Terbiye edilmek önceleri hiç tatlı gelmez, acı gelir. Ama bu, böyle eğitilenler için daha sonra esenlik veren doğruluğu üretir, (İncil:İbraniler12:11).

Terbiyenin, disiplinin “tatlı gelmediğini” söylemek durumu iyice yansıtmaz bile. Disiplin o anda küçümsediğimiz bir şeydir. Yedi yaşındaki oğlum gibi, kaçacak bir yer, disiplini geciktirecek bir özür ararız. Kimse disiplini sevmez. Buna karşın disipline dayanmış olanlarımız onun ürettiği meyvanın ve bizi en sonunda çekmekten kurtardığı acının buna değdiğini biliriz.

Yaşamınızda Tanrı’nın disiplinini mi yaşıyorsunuz? Günahın sonuçlarını mı çekiyorsunuz? Tanrı asilik ve söz dinlemezlik yolunuza devam etmenize izin verseydi bugün nerede olurdunuz?
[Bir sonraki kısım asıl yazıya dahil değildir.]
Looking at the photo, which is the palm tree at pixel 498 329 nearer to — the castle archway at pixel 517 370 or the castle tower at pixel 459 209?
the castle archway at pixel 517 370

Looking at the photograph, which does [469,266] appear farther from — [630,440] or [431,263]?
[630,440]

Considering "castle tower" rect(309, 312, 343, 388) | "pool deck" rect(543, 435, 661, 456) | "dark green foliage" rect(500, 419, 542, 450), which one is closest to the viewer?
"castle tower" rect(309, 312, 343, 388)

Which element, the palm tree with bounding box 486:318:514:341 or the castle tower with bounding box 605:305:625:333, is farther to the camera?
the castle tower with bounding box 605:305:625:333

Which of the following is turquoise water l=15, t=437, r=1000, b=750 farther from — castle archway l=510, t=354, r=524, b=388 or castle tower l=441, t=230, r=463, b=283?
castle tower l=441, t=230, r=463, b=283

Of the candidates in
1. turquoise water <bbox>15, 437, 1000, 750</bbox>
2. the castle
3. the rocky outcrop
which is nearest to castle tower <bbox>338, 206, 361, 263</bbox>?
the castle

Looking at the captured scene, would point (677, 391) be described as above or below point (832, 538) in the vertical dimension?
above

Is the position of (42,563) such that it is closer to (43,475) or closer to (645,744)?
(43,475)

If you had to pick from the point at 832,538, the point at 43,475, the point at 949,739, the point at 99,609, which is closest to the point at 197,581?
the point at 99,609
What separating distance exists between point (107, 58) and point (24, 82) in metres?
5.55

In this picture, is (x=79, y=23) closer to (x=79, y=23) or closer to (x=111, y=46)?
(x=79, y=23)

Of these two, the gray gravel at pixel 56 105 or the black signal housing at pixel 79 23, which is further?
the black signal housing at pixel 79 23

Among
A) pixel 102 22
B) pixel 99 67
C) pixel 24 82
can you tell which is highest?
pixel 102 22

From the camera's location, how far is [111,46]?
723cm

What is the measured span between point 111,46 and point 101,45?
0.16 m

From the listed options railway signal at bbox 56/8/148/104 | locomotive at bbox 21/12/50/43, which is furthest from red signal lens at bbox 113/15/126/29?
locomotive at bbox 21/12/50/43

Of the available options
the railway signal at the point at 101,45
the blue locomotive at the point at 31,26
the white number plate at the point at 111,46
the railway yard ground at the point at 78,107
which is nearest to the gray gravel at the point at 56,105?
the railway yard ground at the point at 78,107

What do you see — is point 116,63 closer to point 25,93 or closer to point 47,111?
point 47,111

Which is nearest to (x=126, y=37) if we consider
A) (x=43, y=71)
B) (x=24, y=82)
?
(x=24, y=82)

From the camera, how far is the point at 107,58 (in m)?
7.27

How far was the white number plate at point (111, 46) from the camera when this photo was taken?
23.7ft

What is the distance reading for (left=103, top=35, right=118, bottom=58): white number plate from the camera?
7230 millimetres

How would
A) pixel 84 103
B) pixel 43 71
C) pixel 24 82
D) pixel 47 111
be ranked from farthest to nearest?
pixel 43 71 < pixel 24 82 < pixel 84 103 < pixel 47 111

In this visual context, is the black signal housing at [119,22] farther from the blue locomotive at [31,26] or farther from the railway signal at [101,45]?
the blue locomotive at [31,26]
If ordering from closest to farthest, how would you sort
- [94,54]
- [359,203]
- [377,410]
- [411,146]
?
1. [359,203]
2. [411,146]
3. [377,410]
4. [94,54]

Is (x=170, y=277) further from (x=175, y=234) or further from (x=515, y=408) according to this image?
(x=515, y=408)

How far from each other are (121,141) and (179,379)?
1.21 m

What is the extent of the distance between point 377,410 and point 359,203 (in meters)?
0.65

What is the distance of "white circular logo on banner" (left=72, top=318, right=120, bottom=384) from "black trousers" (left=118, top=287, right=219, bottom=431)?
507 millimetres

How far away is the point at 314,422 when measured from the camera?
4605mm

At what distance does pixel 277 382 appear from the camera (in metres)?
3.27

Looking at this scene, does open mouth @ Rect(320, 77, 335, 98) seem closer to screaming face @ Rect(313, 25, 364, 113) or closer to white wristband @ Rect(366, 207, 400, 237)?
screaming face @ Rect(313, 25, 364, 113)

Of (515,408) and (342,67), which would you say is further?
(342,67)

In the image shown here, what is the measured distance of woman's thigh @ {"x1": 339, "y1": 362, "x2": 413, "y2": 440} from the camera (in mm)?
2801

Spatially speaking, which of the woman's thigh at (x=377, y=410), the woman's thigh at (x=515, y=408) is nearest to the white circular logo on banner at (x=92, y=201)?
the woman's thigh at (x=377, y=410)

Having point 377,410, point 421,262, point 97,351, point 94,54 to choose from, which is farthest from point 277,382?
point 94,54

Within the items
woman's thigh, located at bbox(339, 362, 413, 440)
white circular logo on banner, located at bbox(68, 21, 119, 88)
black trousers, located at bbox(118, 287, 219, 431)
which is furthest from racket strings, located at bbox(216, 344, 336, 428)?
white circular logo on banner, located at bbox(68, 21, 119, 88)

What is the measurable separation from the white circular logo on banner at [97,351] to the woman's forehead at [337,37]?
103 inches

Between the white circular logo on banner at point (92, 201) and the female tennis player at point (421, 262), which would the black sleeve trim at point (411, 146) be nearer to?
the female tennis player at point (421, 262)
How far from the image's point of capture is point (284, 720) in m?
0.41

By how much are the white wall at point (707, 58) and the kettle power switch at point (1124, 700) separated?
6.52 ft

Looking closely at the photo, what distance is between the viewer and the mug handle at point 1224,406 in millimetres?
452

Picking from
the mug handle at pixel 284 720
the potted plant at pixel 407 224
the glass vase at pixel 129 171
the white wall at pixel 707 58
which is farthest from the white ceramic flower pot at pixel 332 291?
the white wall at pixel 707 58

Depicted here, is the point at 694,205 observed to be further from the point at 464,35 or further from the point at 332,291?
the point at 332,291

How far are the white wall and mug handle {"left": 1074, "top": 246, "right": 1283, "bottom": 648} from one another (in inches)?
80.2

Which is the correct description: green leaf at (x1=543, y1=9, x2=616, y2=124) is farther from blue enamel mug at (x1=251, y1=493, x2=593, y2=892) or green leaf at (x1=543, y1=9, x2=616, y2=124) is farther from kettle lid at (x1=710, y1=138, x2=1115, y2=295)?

Günahlı yollarına devam edip de cezalandırılmayan diğerlerine baktığınızda onları gerçekten kıskanıyor musunuz? Yoksa Tanrı’nın size olan sevgisinin sizi kötü yolunuzdan durdurup ilginizi tekrar Kendisine çektiğini anlayabiliyor musunuz?

Bütün disiplinlerin önceleri hiç tatlı gelmeyip, acı geldiği” doğrudur. Ama karşı koymaya çalışmayı bırakıp, Tanrı’nın işini bitirmesine izin verirseniz, Tanrı’nın sevdiklerine söz verdiği “esenlik veren doğruluğu” yaşayacaksınız.